> ABOUT THIS TASK
Write out each entry below exactly; the images do not belong in your copy.

------ DATA FOR REVIEW ------

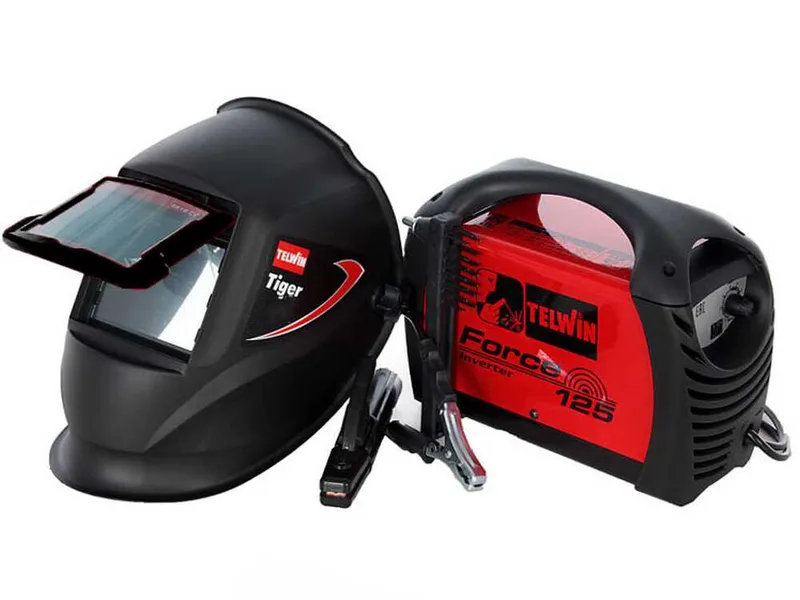 Telwin FORCE 125 - Poste à souder Inverter (MMA) + Masque, courant continu (DC)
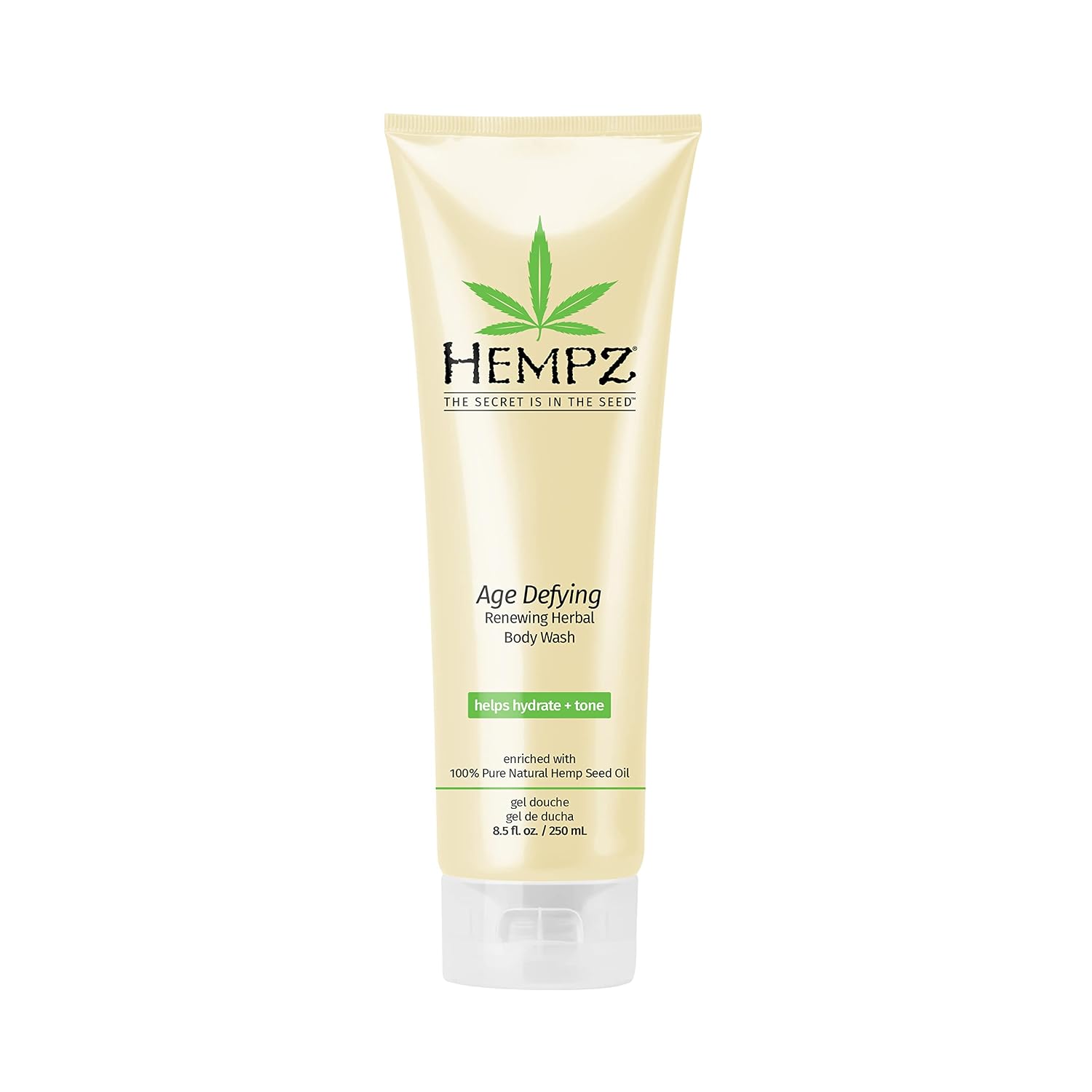 Hempz Age Defying Renewing Herbal Body Wash, 8.5 oz., with Shea Butter, Ginseng - Anti-Aging, Fragranced Shower Gel with Pure Hemp Seed Oil, Algae for Sensitive Skin - Premium Personal Care Products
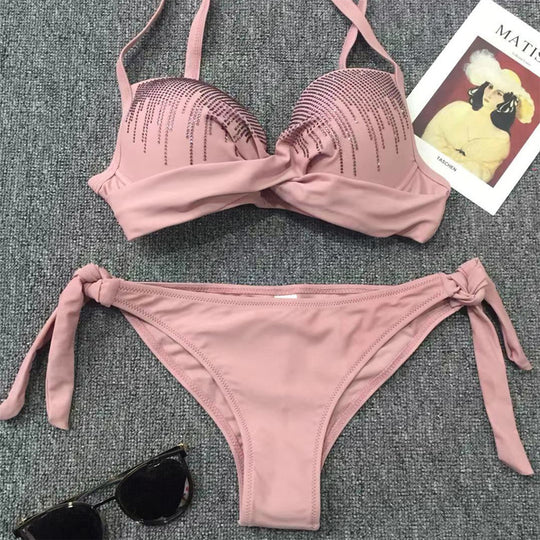 Damen Glamouröser Push-Up Bikini mit funkelnden Applikationen R&B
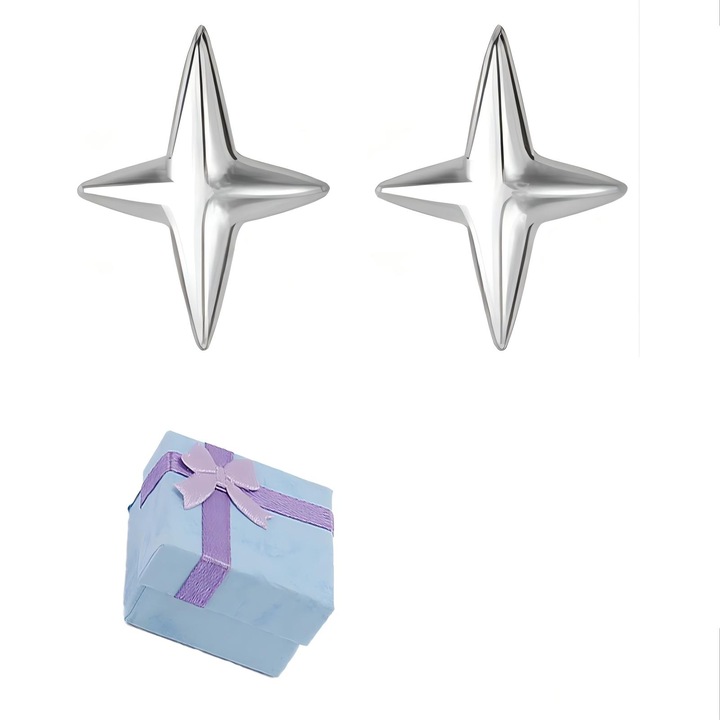 Cercei dama, JUDASTAR, stea, argint 925, hipoalergenici, 7x6mm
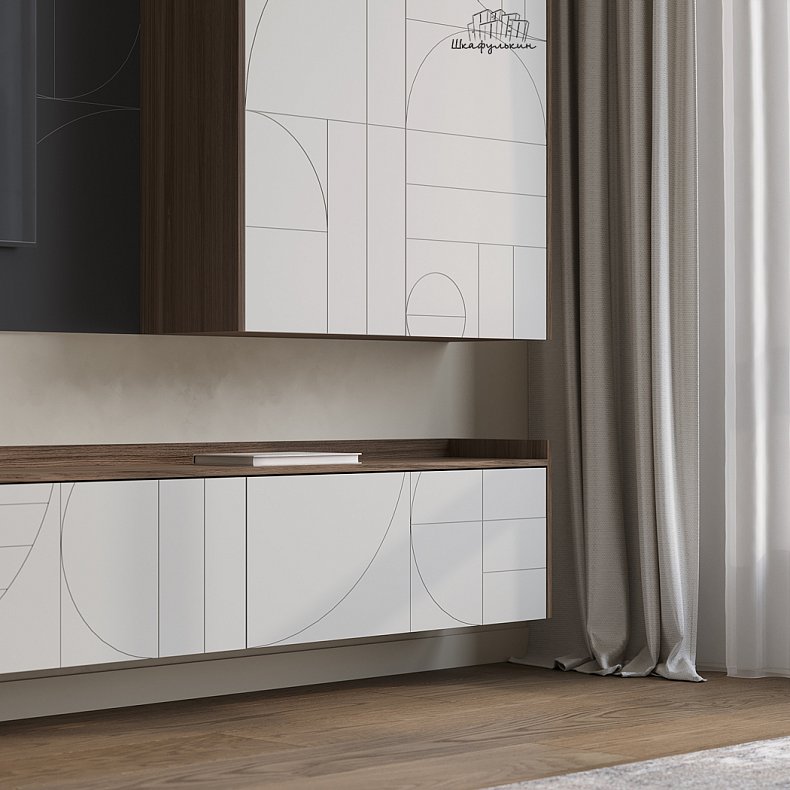 Стенка Роллан Светлые Белый Современный 2х створчатые Гостиная Под ТВ Для декора 2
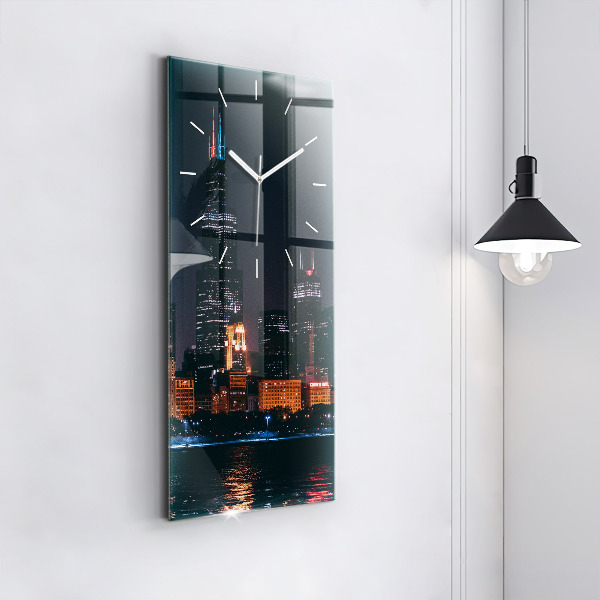 Vertical wall clock Chicago Cityscape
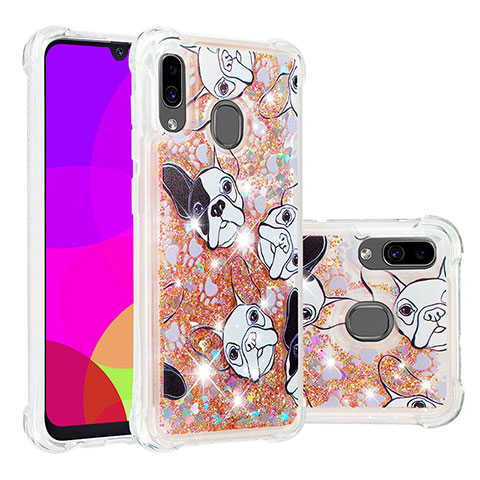 Coque Silicone Housse Etui Gel Bling-Bling S04 pour Samsung Galaxy A20 Or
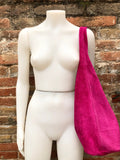 Large TOTE leather bag in hot pink. Magenta slouch bag in soft suede, genuine leather bag.Fuchsia pink leather shopper, Pink suede bag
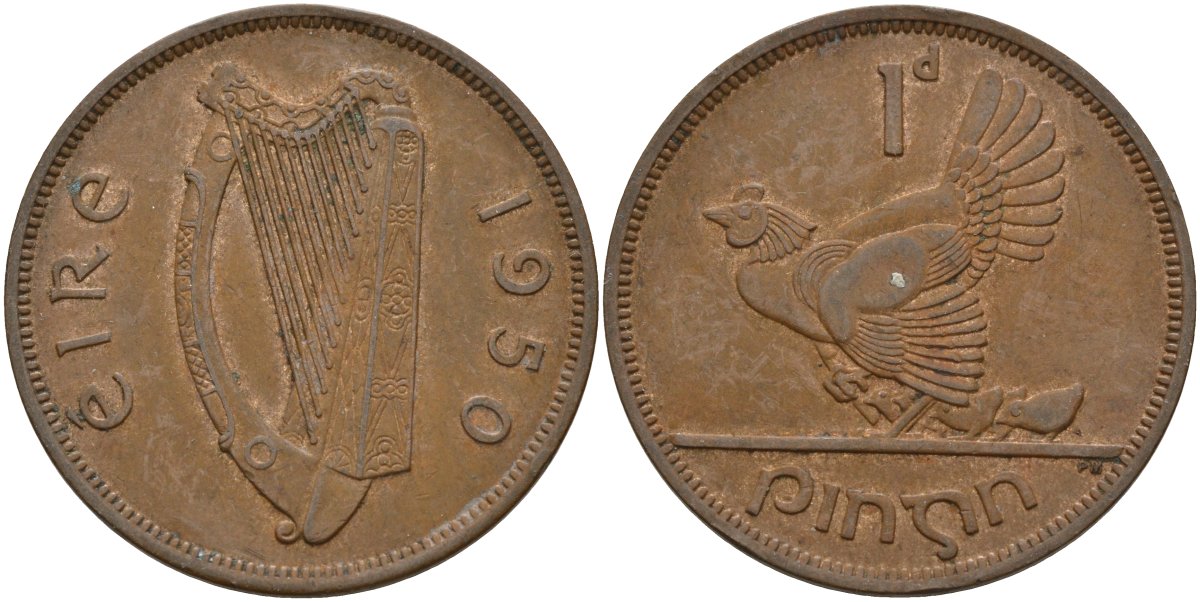 Ирландия 1 пенни 1950 курица с цыплятами KM 11 бронза 4144-1145
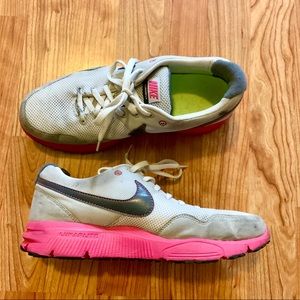 White Nike Lunarfly with Neon Pink Sole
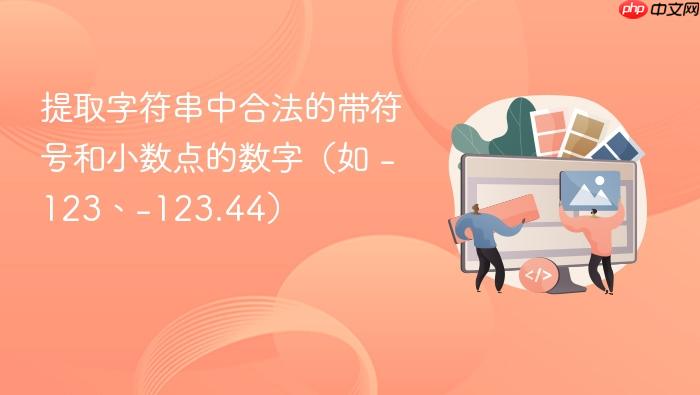 提取字符串中合法的带符号和小数点的数字(如 -123、-123.44)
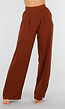 Terracotta Linnenlook Broek met Hoge Taille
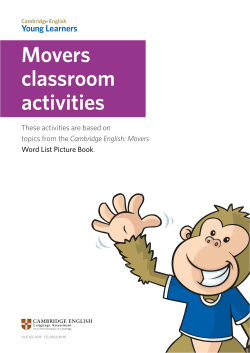 Movers classroom activities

------

> TASK SOLUTION
 Telwin FORCE 125 - Poste à souder Inverter (MMA) + Masque, courant continu (DC)
 Hempz Age Defying Renewing Herbal Body Wash, 8.5 oz., with Shea Butter, Ginseng - Anti-Aging, Fragranced Shower Gel with Pure Hemp Seed Oil, Algae for Sensitive Skin - Premium Personal Care Products
 Damen Glamouröser Push-Up Bikini mit funkelnden Applikationen R&B
 Cercei dama, JUDASTAR, stea, argint 925, hipoalergenici, 7x6mm
 Стенка Роллан Светлые Белый Современный 2х створчатые Гостиная Под ТВ Для декора 2
 Vertical wall clock Chicago Cityscape
 Coque Silicone Housse Etui Gel Bling-Bling S04 pour Samsung Galaxy A20 Or
 Large TOTE leather bag in hot pink. Magenta slouch bag in soft suede, genuine leather bag.Fuchsia pink leather shopper, Pink suede bag
 Ирландия 1 пенни 1950 курица с цыплятами KM 11 бронза 4144-1145
 White Nike Lunarfly with Neon Pink Sole
 提取字符串中合法的带符号和小数点的数字(如 -123、-123.44)
 Terracotta Linnenlook Broek met Hoge Taille
 Movers classroom activities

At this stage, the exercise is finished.